1

I am trying to apply a Java class for measuring cosine similarity between two documents with different length. The code for the class that is responsible to calculate this code is as following:

public class CosineSimilarityy {
    public Double calculateCosineSimilarity(HashMap<String, Double> firstFeatures, HashMap<String, Double> secondFeatures) {
        Double similarity = 0.0;
        Double sum = 0.0; // the numerator of the cosine similarity
        Double fnorm = 0.0; // the first part of the denominator of the cosine similarity
        Double snorm = 0.0; // the second part of the denominator of the cosine similarity
        Set<String> fkeys = firstFeatures.keySet();
        Iterator<String> fit = fkeys.iterator();
        while (fit.hasNext()) {
            String featurename = fit.next();
            boolean containKey = secondFeatures.containsKey(featurename);
            if (containKey) {
                sum = sum + firstFeatures.get(featurename) * secondFeatures.get(featurename);
            }
        }
        fnorm = calculateNorm(firstFeatures);
        snorm = calculateNorm(secondFeatures);
        similarity = sum / (fnorm * snorm);
        return similarity;
    }

    /**
     * calculate the norm of one feature vector
     *
     * @param feature of one cluster
     * @return
     */
    public Double calculateNorm(HashMap<String, Double> feature) {
        Double norm = 0.0;
        Set<String> keys = feature.keySet();
        Iterator<String> it = keys.iterator();
        while (it.hasNext()) {
            String featurename = it.next();
            norm = norm + Math.pow(feature.get(featurename), 2);
        }
        return Math.sqrt(norm);
    }
}

Then I construct an instance of this class, make two HashMap and assign each document to these hasmaps. Then when I try to apply the calculation, if they are identical the result is 1.0 which is right but if there is any slight differences between them, no matter what, the result is always zero. What am I missing?

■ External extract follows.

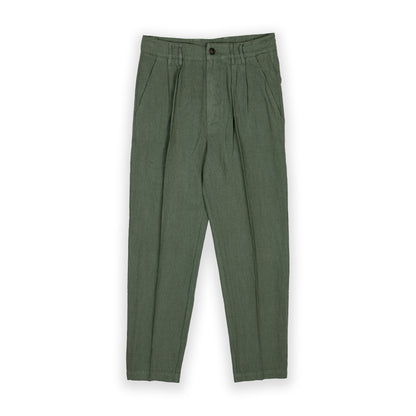 Pantaloni con 2 pince in lino - Verde Salvia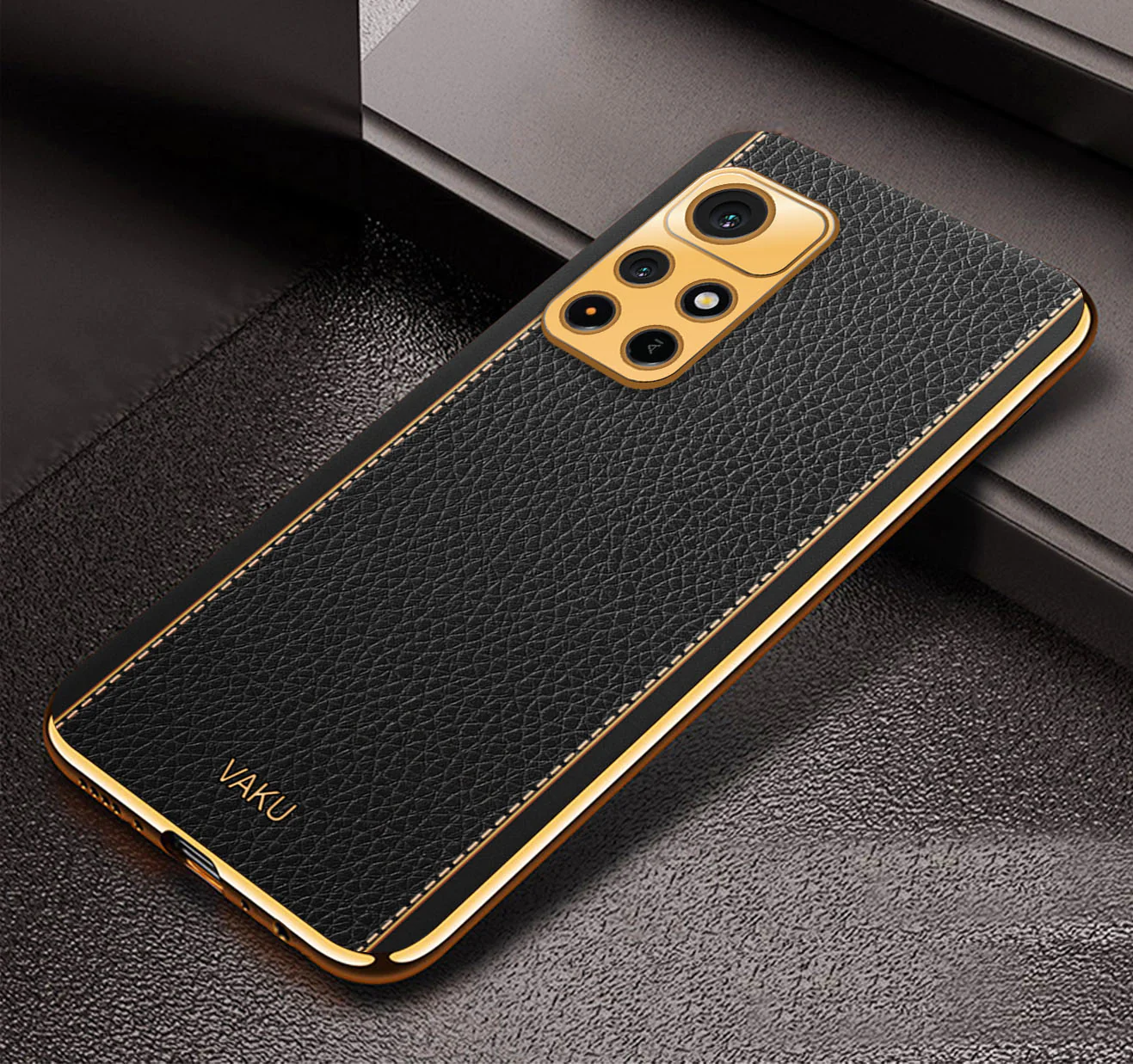 Vaku® Redmi Note 11T 5G Luxemberg Series Leather Stitched Gold Electroplated Soft TPU Back Cover - Image 16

public static void main(String[] args) {
    // TODO code application logic here

    CosineSimilarityy test = new CosineSimilarityy();
    HashMap<String, Double> hash = new HashMap<>();
    HashMap<String, Double> hash2 = new HashMap<>();
    hash.put("i am a book", 1.0);
    hash2.put("you are a book", 2.0);
    double result;
    result = test.calculateCosineSimilarity(hash, hash2);
    System.out.println(" this is the result: " + result);
}

The original code is taken from here.

Tom
  • 16,842
  • 17
  • 45
  • 54
lonesome
  • 2,503
  • 6
  • 35
  • 61
  • 1
    You are inputting two different features into your function, this will always result in zero similarity. – Thomas Jungblut Mar 21 '15 at 14:28
  • @ThomasJungblut but then why when are the same, it results to 1? plus, the function needs two `HasMaps`. so, if i am doing it wrong, how could it be fixed? – lonesome Mar 21 '15 at 14:32
  • `but then why when are the same, it results to 1? ` well you want to compute the similarity, if they are the same it will be 1. – Thomas Jungblut Mar 21 '15 at 14:33
  • @ThomasJungblut just now you said they are two different features and gets zero for that. however, from what i imagined from cosine similarity, it should give a `real number` result between zero and one. am i wrong? – lonesome Mar 21 '15 at 14:35
  • Yes you are correct, but `"i am a book"` and `"you are a book"` completely different features, so they result in zero similarity. – Thomas Jungblut Mar 21 '15 at 14:47
  • @ThomasJungblut why? they have `a book` as the similar part. i even checked it with `i was a book` but still zero as the result – lonesome Mar 21 '15 at 14:48
  • 1
    Then you must supply `a` and `book` as a similar feature. `"i", "am", "a", "book"` is a different representation than `"I am a book"`. How should the method know that you mean to split by the words? – Thomas Jungblut Mar 21 '15 at 14:49
  • got it. just like what `nio` mentioned. – lonesome Mar 21 '15 at 14:50
  • @ThomasJungblut yup, now got 0.75 similarity. thanks. for the hint – lonesome Mar 21 '15 at 14:52

1 Answers1

2

First, I think the "i am a book" is taken as a single feature. To do the comparison you have to split your compared strings first using a whitespace as a separator. Next you have to populate hashmaps with corresponding words extracted from a book title. You can then test your algorithm if it works correctly.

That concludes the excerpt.